Photo Copyright: REX/Walt Disney/Shutterstock/Robot
License: Fair Use/Educational Purposes
- Monday, 13 October 2014 21:06
Josh Powell is the Utah man who presumably killed his wife in 2009 and concocted an improbable story to explain her disappearance (he took his young sons on an impromptu camping trip at midnight on a snowy, December night). During a custody dispute with his wife’s parents, he locked himself in a cabin, hatcheted his sons to death, and blew up the cabin immolating himself in 2012. His brother, who was suspected of helping him dispose of his wife’s body, committed suicide a year later. His father, who exhibited odd behavior after the wife’s disappearance, served two years for voyeurism after authorities found pictures of neighborhood girls and women on his computer.
This case is back in the news because the Powell family and the Cox family are squabbling over the sizable life insurance proceeds on the lives of Powell and his wife. A trust created by Susan Powell is the beneficiary of the policy on her life. The trust presumably provided that if her husband and son were not living that the proceeds were to be divided between the Powell family and the Cox family. Her father as conservator of her estate changed the trust in 2013 to provide that only the Cox family would benefit from the trust. Josh Powell designated his now deceased brother as the beneficiary of his policy after his wife’s disappearance. His brother and sister are fighting the Cox family for those benefits.
Whew. Several points:
1. Bad facts make bad law. On the face it seems that no one in the Powell family should benefit from the misdeeds of their family member but the law correctly applied provides otherwise and the families should divide the insurance proceeds, or at least keep the proceeds from the policy on their respective family member and have the trust proceeds evenly divided per the trust terms.
2. It is crazy to think that someone acting on behalf of another person who the law presumes is alive but everyone else know is dead can change the trust created by that person three years after the date she died.
3. The honorable action for the Powell family members would be to walk away from this. However, when one brother is a murderer, the other is a conspirator, and the father is a convicted voyeur, all shame is already in the public sphere so they might as well see if they can grab some money, consequences and public opinion be damned.

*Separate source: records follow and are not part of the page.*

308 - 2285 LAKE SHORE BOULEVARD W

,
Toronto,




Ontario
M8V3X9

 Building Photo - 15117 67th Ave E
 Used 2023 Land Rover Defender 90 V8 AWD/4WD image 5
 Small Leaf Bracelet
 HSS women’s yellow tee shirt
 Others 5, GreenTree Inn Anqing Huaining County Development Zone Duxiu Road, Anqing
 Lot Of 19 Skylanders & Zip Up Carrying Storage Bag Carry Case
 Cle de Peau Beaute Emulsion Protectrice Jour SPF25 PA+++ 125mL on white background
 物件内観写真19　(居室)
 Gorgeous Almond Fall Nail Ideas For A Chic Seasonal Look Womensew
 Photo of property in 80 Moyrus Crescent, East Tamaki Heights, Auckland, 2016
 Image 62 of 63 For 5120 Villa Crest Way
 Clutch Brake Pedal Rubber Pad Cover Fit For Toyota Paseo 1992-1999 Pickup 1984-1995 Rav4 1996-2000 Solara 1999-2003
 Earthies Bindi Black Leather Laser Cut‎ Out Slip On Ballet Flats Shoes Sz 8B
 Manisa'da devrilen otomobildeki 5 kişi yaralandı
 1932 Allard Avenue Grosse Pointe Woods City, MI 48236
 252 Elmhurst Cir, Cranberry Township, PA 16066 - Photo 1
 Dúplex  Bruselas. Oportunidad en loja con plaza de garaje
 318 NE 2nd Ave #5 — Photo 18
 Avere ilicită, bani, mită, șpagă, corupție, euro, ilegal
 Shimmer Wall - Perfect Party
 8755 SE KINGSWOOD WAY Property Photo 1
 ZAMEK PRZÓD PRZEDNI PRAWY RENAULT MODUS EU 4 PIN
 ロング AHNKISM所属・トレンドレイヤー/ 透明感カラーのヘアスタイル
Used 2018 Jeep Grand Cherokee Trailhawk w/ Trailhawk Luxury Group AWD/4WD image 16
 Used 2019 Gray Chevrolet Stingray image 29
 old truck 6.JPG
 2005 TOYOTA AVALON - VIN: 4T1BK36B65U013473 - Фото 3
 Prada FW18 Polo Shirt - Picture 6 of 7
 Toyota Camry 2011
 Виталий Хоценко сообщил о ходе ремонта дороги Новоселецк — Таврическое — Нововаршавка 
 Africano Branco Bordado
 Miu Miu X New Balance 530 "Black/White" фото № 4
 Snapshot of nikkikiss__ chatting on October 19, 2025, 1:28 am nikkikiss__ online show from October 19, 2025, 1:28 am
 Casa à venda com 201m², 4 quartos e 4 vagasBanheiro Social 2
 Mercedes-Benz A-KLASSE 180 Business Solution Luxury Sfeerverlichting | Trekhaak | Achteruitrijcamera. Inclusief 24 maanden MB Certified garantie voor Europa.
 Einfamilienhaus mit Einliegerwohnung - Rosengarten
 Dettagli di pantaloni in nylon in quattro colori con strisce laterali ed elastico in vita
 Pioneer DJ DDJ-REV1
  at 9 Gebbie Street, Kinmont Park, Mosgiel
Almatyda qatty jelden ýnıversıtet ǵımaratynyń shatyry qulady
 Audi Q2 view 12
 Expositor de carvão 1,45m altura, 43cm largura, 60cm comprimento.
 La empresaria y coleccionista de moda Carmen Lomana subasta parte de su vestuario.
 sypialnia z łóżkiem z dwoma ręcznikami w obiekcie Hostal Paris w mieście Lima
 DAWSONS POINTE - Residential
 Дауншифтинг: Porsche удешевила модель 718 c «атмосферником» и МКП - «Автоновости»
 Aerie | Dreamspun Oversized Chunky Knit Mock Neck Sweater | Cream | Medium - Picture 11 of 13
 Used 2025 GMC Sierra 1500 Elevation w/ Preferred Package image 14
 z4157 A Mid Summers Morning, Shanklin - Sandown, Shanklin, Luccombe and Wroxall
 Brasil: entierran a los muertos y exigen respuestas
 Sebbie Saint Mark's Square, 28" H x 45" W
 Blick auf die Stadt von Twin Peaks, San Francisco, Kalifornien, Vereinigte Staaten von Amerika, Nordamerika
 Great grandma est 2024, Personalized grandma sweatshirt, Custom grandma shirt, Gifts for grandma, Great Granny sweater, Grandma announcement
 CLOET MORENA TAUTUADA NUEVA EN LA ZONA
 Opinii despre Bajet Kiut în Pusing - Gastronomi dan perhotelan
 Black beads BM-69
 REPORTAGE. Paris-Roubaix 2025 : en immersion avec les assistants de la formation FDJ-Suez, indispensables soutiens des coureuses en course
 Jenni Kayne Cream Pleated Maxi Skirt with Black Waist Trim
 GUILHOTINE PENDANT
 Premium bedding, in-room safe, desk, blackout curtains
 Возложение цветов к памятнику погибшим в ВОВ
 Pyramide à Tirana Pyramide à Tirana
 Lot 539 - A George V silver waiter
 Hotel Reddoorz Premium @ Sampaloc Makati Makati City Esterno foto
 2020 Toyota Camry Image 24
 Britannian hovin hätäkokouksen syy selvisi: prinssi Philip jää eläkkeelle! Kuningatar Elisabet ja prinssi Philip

- Monday, 14 April 2014 20:44
I have previously blogged about rapper Nate Dogg and the financial issues surrounding his estate. He died in 2011 without a will but with 6 children of unascertainable ages and different mothers and unpaid child support and medical bills of $290K. His primary asset was a house with $200K of equity. The administrator of his estate has a contract to sell the house for $340,000 but his children are opposing the sale because it will not leave them enough money.
1. A decedent’s debts must be paid before estate beneficiaries receive any proceeds of the estate. It is unfortunate for his children that there will likely be no assets left for them after the payment of debts, but an administrator cannot magically make a house worth more than the market is willing to pay nor make the debts less.
2. If Mr. Dogg had wanted to provide for his children and not worry about his debts, he could have purchased a life insurance policy to benefit them.
3. His house was worth $340K? I doubt it was featured on MTV’s “Cribs.”